Top of ENTRIES SUPPLIED
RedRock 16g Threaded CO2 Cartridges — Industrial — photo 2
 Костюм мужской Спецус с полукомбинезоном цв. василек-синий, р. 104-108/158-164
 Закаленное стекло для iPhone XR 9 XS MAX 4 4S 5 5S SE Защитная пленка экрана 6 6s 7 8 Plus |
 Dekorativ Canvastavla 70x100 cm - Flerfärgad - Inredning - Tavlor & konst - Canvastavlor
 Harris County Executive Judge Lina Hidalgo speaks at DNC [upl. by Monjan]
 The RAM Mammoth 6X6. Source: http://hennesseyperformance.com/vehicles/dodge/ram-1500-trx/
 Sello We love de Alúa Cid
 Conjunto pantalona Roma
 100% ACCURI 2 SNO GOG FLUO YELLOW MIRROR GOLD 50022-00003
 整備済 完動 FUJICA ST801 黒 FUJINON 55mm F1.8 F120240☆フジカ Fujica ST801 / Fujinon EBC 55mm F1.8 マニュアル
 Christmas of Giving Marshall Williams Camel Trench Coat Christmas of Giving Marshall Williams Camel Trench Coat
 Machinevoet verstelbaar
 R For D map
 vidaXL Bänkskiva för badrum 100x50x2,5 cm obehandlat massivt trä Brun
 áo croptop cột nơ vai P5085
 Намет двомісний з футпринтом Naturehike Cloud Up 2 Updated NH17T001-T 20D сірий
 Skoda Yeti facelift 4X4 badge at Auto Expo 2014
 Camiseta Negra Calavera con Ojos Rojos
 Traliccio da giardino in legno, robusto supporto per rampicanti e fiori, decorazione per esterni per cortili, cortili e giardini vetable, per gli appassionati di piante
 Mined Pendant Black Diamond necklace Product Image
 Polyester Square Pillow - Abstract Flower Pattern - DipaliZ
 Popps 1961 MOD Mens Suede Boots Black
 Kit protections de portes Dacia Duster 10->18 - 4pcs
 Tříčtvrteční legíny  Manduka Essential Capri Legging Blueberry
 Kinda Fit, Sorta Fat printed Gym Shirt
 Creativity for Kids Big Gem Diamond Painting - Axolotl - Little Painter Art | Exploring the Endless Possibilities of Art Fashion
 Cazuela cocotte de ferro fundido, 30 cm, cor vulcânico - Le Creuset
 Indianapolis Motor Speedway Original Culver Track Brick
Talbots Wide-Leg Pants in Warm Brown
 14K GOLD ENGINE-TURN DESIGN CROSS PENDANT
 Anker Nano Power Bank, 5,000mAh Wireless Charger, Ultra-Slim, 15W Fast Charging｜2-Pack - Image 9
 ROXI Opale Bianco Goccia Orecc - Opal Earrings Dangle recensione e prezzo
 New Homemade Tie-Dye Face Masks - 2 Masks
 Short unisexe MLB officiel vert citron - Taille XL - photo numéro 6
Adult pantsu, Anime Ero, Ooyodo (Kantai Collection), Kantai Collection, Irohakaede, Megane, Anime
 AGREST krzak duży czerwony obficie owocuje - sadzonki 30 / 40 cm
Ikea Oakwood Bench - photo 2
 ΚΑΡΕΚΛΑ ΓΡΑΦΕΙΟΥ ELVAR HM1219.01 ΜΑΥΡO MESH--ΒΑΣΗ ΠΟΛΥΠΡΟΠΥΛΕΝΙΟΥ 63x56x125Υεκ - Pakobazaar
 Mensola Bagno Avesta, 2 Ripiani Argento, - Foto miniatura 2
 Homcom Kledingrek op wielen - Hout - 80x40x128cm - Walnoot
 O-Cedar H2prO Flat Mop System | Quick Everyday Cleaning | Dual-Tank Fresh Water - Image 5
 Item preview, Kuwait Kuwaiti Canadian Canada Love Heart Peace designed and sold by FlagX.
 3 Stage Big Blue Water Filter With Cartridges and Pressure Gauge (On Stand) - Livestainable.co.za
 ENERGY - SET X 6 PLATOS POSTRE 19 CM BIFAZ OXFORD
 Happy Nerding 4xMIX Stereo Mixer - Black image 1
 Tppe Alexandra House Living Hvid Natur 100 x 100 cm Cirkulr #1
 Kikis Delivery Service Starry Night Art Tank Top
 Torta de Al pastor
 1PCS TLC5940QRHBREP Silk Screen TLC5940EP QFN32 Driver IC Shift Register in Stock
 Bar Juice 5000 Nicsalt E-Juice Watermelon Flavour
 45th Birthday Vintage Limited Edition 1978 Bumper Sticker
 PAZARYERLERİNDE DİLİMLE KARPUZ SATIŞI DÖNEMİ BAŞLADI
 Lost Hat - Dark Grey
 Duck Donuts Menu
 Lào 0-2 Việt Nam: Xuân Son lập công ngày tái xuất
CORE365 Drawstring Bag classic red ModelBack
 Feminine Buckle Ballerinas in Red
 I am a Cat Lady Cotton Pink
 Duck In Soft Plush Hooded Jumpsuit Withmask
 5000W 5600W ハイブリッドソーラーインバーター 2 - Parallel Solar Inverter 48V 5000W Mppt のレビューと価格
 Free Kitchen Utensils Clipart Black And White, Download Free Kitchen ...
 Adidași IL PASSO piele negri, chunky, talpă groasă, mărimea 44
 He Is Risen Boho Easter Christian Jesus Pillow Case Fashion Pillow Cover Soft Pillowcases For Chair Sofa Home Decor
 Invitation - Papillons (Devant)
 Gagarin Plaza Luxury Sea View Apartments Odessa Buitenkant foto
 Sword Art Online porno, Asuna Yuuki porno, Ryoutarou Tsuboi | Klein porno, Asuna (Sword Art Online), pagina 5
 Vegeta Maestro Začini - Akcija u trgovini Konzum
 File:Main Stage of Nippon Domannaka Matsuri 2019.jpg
Bottom of ENTRIES SUPPLIED
Show every line of the material above in which "Black" is present.

 Mined Pendant Black Diamond necklace Product Image
 Popps 1961 MOD Mens Suede Boots Black
 Happy Nerding 4xMIX Stereo Mixer - Black image 1
 Free Kitchen Utensils Clipart Black And White, Download Free Kitchen ...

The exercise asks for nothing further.